We need to look to the strength given to us by our Savior so we don’t become focused on what satisfies our stomachs, and not concerned about our duty to work so that our own desires will be filled in a God-honoring way. We need to pray for our church leaders so they will be able to guide the people of God to honor the principles of biblical economics built into creation as the Holy Spirit works in our hearts. We should also examine our own hearts to be sure that sinful self-centered attitudes are confessed, repented of, and by God’s enablement removed from our lives.
Footnote:
The English Standard Version translates the expression as, “lazy gluttons”. Commentator John Gill explains that “the Cretians are called, by the poet, slow bellies partly for their intemperance, their gluttony and drunkenness: which suited the false teachers, whose god was their belly, and which they served, and not the Lord Jesus; and partly for their sloth and idleness, eating the bread of others without working.” The commentary by Jamieson, Fausset, and Brown identifies these Cretans as, “slow bellies — indolent through pampering their bellies.
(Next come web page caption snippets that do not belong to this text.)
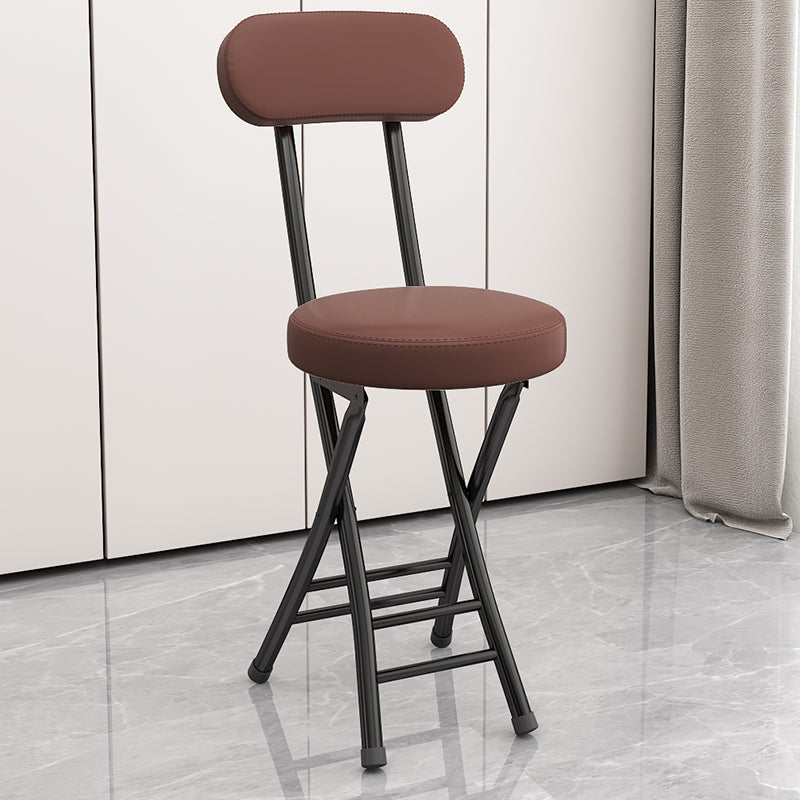Contemporary Simplicity Round Faux Leather Carbon Steel Frame Foldable Chair Backrest Footrest For Living Room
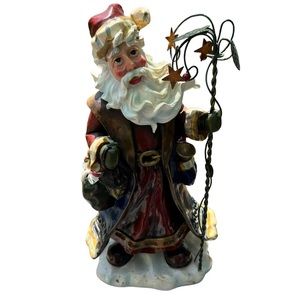 SANTA BY STERLING LARGE 11” TALL BLUE OVERCOAT RED UNDER CLOAK LANTERN AND STAFF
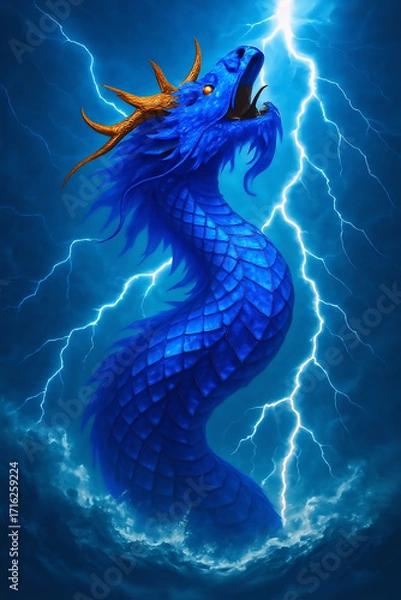 Obraz 天に上る青い龍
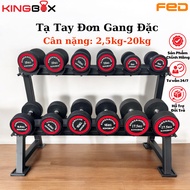Genuine KINGBOX Single Dumbbells, Rubber Coated Cast Iron Dumbbells, Dumbbells 2.5kg 5kg 7.5kg 10kg 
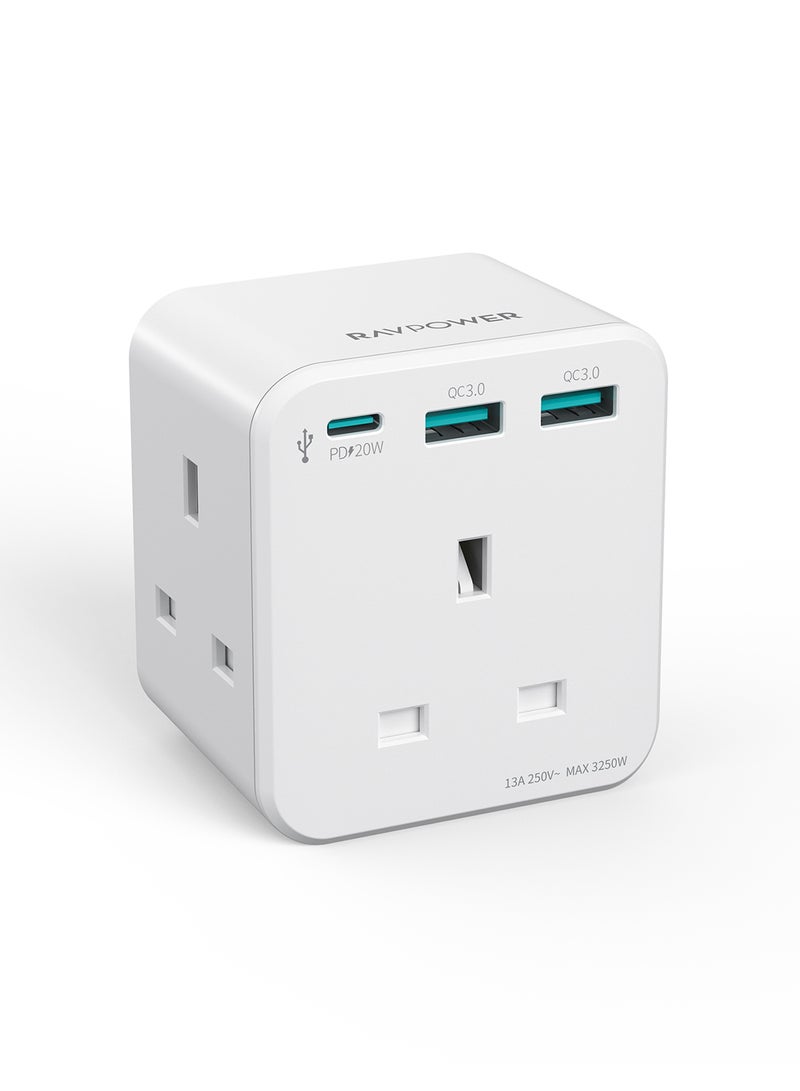 RAVPOWER RP-PC1037 PD Pioneer 20W Wall Charger Version With 3 AC Plug White - Image 2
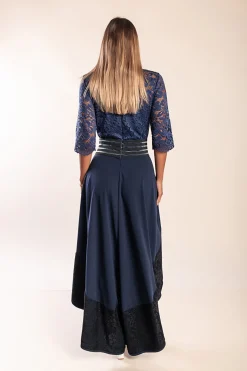 Abito elegante con pizzo Bianca, blu scuro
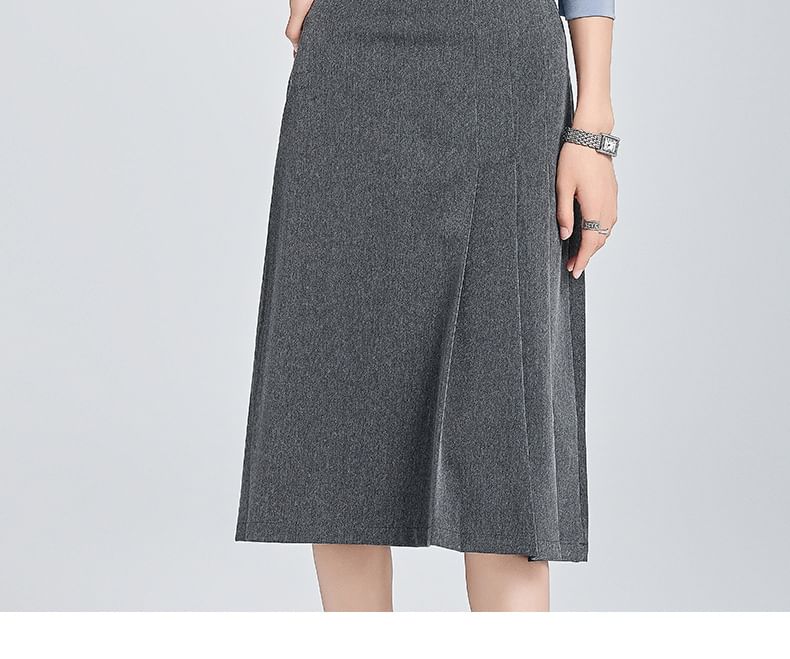 Long Sleeve Collared Blouse with High Rise Pleated Midi Flared Skirt Set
They themselves are called “bellies,” for that is the member for which they live (Rom_16:18; Phi_3:19).” Lenski in his commentary says they are a people who are “inactive, that want to be filled without exertion in earning an honest living by honest work.” The “Baker’s New Testament Commentary: The Pastoral Epistles” by William Hendriksen says, ” ‘Bellies inactive’ marks the Cretans as lazy gluttons, sluggish and sensual gormandizers. The Cretans, then, are untruthful, selfish, and pleasure-loving.”
Bible quotations are from the English Standard Version unless otherwise noted.